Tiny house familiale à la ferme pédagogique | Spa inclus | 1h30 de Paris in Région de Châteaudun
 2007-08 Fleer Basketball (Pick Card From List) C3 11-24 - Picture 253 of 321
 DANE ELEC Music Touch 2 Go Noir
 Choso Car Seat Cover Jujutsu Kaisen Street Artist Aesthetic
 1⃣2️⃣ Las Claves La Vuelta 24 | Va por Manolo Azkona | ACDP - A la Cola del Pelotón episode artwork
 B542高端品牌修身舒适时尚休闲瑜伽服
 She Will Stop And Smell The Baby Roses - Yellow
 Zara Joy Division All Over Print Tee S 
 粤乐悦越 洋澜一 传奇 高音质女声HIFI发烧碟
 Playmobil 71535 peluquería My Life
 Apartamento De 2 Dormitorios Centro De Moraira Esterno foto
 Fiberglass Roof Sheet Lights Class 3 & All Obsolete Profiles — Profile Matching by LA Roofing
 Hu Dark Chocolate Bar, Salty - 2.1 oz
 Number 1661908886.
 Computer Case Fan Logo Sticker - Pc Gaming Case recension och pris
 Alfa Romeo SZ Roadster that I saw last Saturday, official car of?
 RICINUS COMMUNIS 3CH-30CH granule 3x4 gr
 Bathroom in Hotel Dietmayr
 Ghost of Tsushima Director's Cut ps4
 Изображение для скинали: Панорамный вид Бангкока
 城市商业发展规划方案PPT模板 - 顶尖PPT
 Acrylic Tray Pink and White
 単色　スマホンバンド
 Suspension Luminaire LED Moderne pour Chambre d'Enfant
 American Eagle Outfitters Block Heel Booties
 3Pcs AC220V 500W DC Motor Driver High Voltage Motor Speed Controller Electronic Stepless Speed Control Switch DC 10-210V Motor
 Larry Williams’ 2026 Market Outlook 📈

● TASK TO CARRY OUT: Your answer must be the lines above from the one containing "Number 1661908886." to the one containing "Bathroom in Hotel Dietmayr", both included, restated word for word.

● OUTPUT BELOW:
 Number 1661908886.
 Computer Case Fan Logo Sticker - Pc Gaming Case recension och pris
 Alfa Romeo SZ Roadster that I saw last Saturday, official car of?
 RICINUS COMMUNIS 3CH-30CH granule 3x4 gr
 Bathroom in Hotel Dietmayr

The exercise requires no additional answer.